» SOURCE DATA:
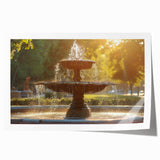 Extra large rolled print of a classical fountain with detailed floral designs in muted earth tones.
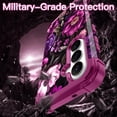 thumbnail image 7 of CASEFIV for Samsung Galaxy S26 Case,Glow in The Dark,Shockproof Protection Hard PC Soft Flexible TPU Bumper Drop Protective Protective Phone Cover Case,Purple Pink Flower, 7 of 7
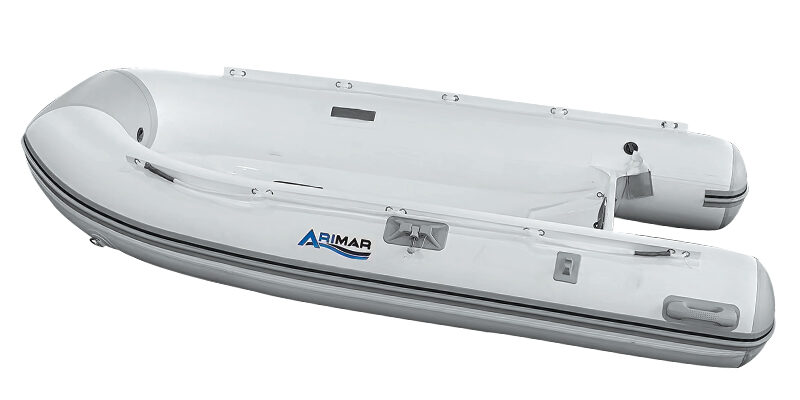 itm_502295__297 Inflatable white Arimar boat with sleek design for versatile water activities.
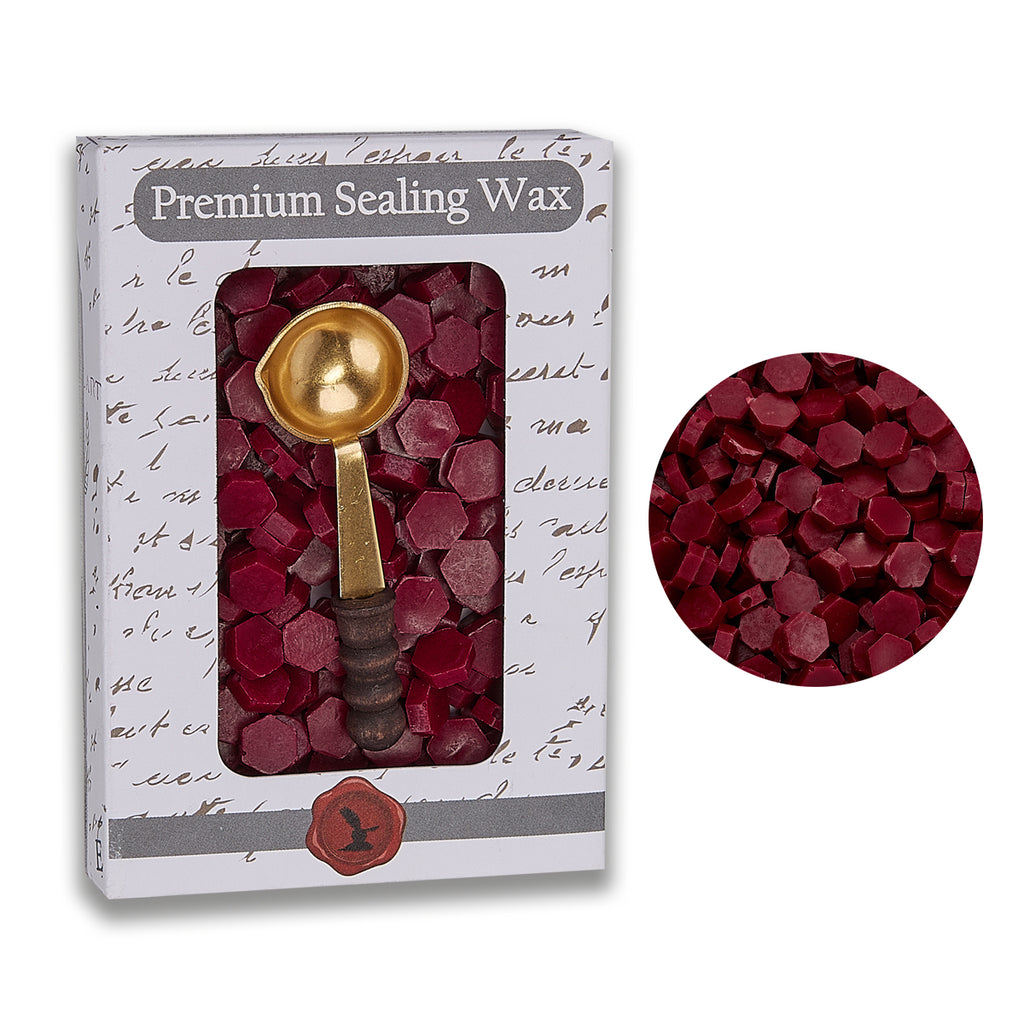 Burgundy Premium Sealing Wax Beads by Color with spoon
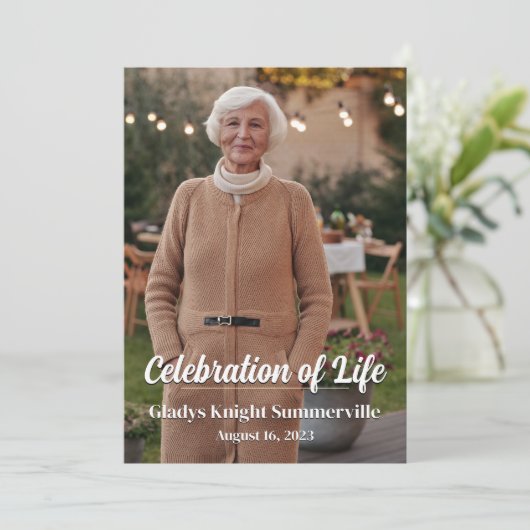 Gedenkfeier | Golden Glow QR Code Einladung (Stehend Vorderseite)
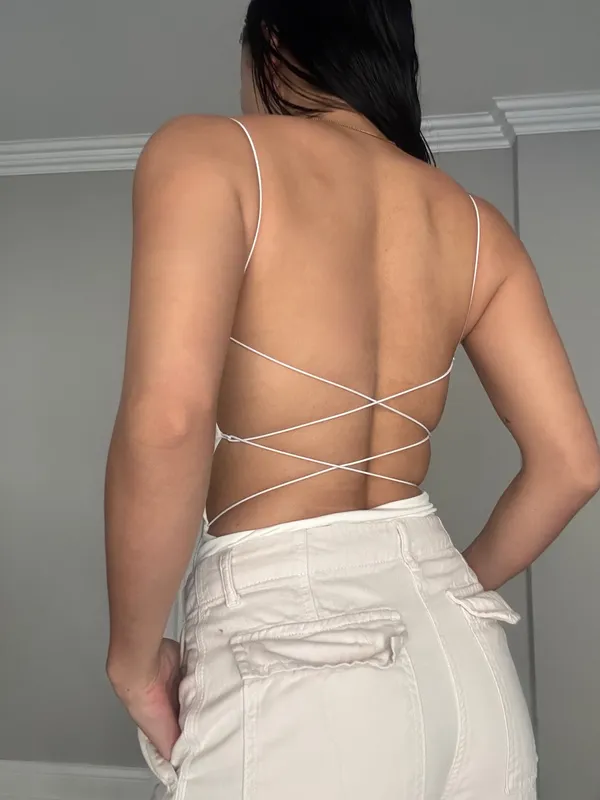 Meshki buttery smooth second skin open cross back strappy tank top small - Image 2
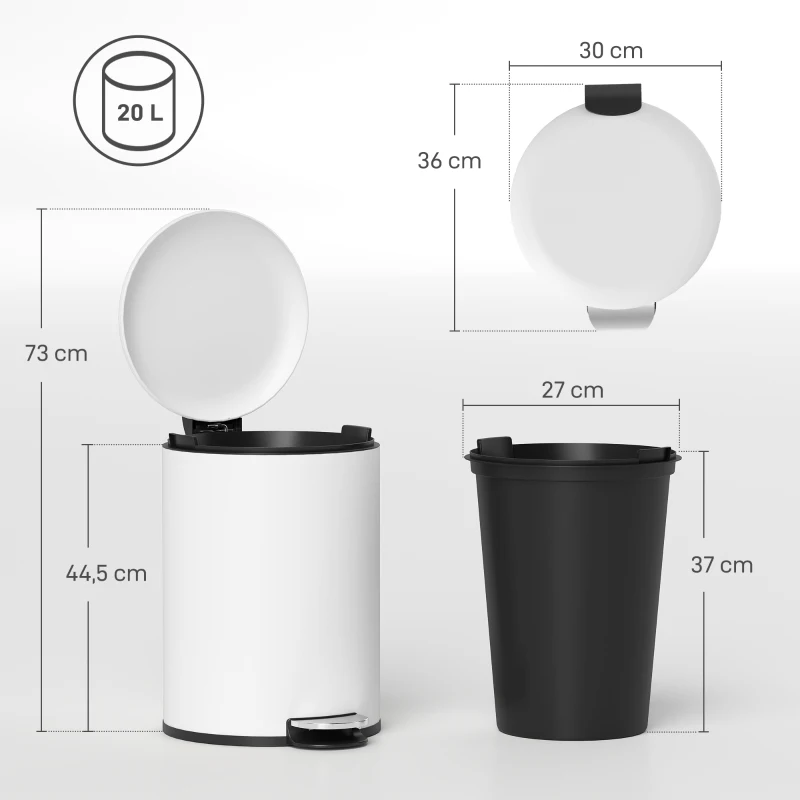 HOMCOM Prullenbak 20L, met Pedal, Binnenemmer, vingerafdrukvrij, Stil Sluiten, Crèmewit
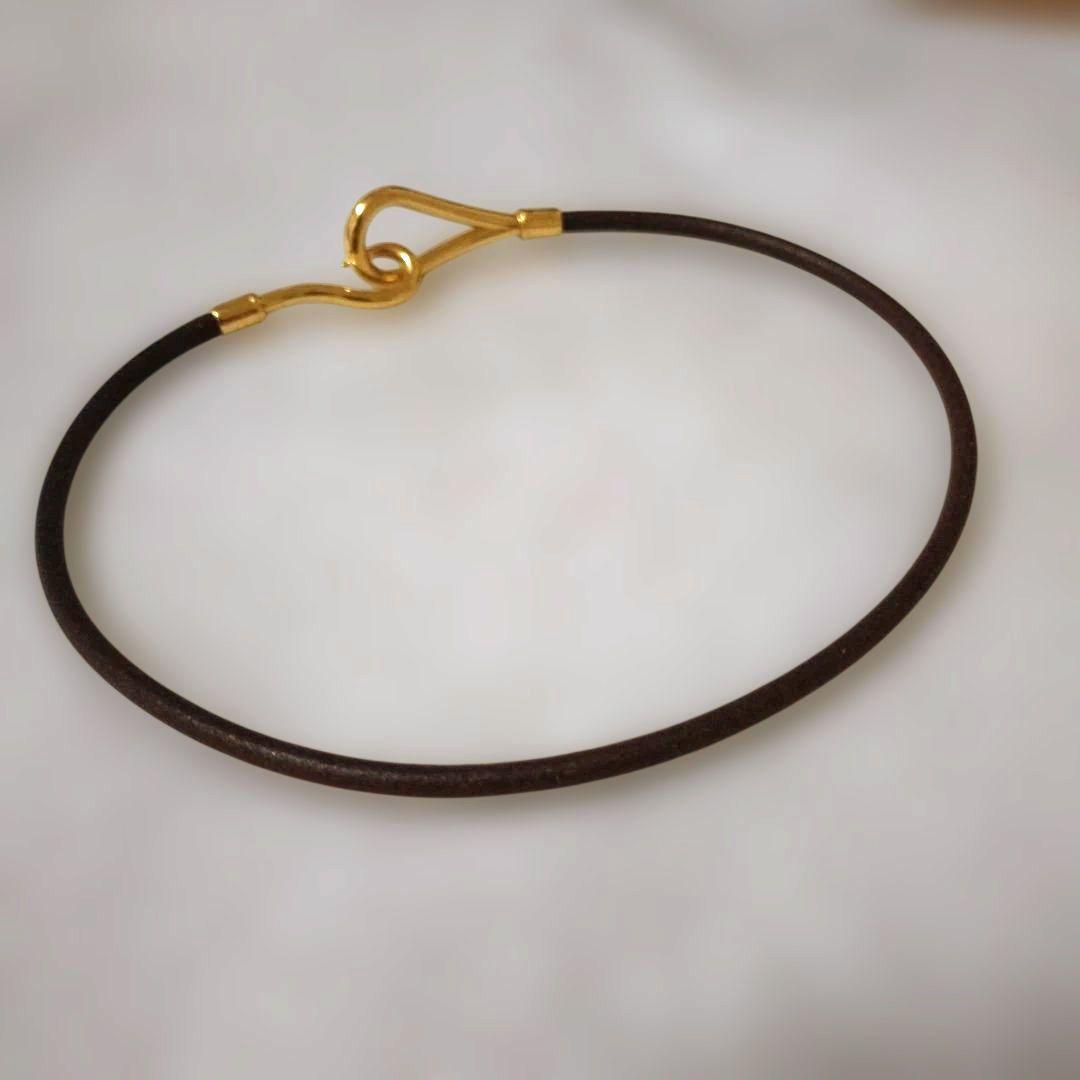 エルメス HERMES ジャンボ レザー チョーカー 2重ブレスレット ブラウン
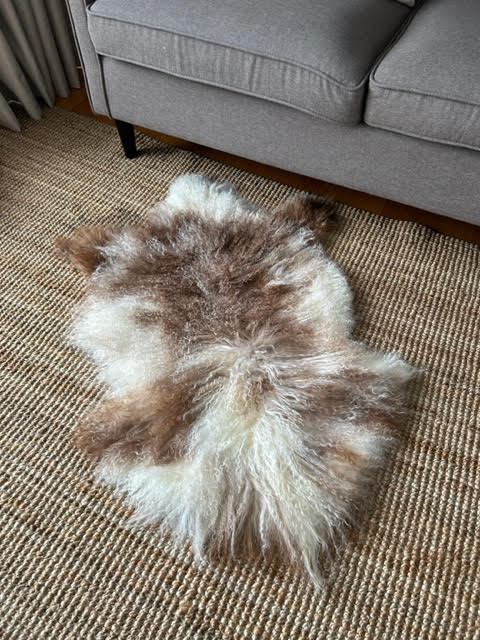 A-2397 Speckled Brown and White Lamb Skin Average Size: 38X22 inches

» DIRECTIONS FOR THIS TASK:
The copy must start at the line containing "itm_502295__297 Inflatable white" and end at the last line of the records, matching each line exactly and holding no pictures.

» RESULT FOR THIS TASK:
 itm_502295__297 Inflatable white Arimar boat with sleek design for versatile water activities.
 Burgundy Premium Sealing Wax Beads by Color with spoon
 Gedenkfeier | Golden Glow QR Code Einladung (Stehend Vorderseite)
 Meshki buttery smooth second skin open cross back strappy tank top small - Image 2
 HOMCOM Prullenbak 20L, met Pedal, Binnenemmer, vingerafdrukvrij, Stil Sluiten, Crèmewit
 エルメス HERMES ジャンボ レザー チョーカー 2重ブレスレット ブラウン
 A-2397 Speckled Brown and White Lamb Skin Average Size: 38X22 inches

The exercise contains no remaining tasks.